• REQUIRED ACTION
Retype exactly the lines from the one that contains "Şeffaf Kapaklı Hurç" through the end of the listing, both included, but not the pictures.

• SOURCE DATA
⟨

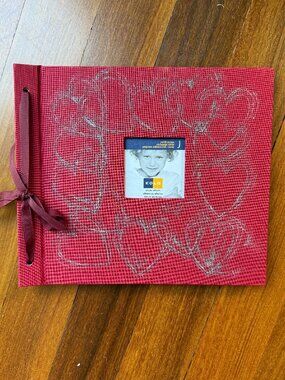 NEW Kolo 10.5 x 9 Scrapbook Album - Red with silver Hearts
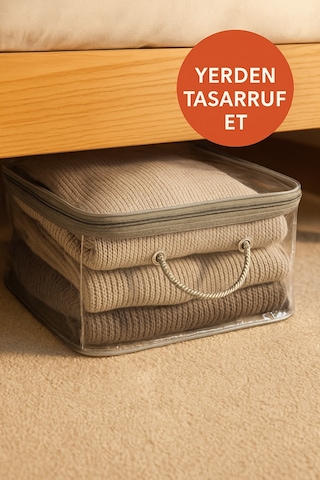 Şeffaf Kapaklı Hurç 28x32x15 Cm Orta Boy Dolap İçi Kıyafet Ve Havlu Düzenleyici Gri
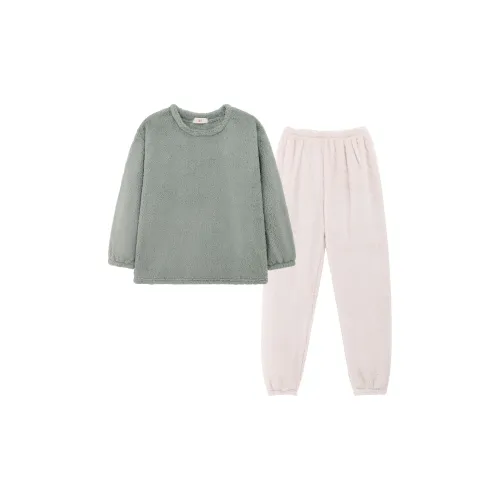 WANANNI Пижамный комплект женский серый зеленый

⟩

• EXERCISE OUTPUT
 Şeffaf Kapaklı Hurç 28x32x15 Cm Orta Boy Dolap İçi Kıyafet Ve Havlu Düzenleyici Gri
 WANANNI Пижамный комплект женский серый зеленый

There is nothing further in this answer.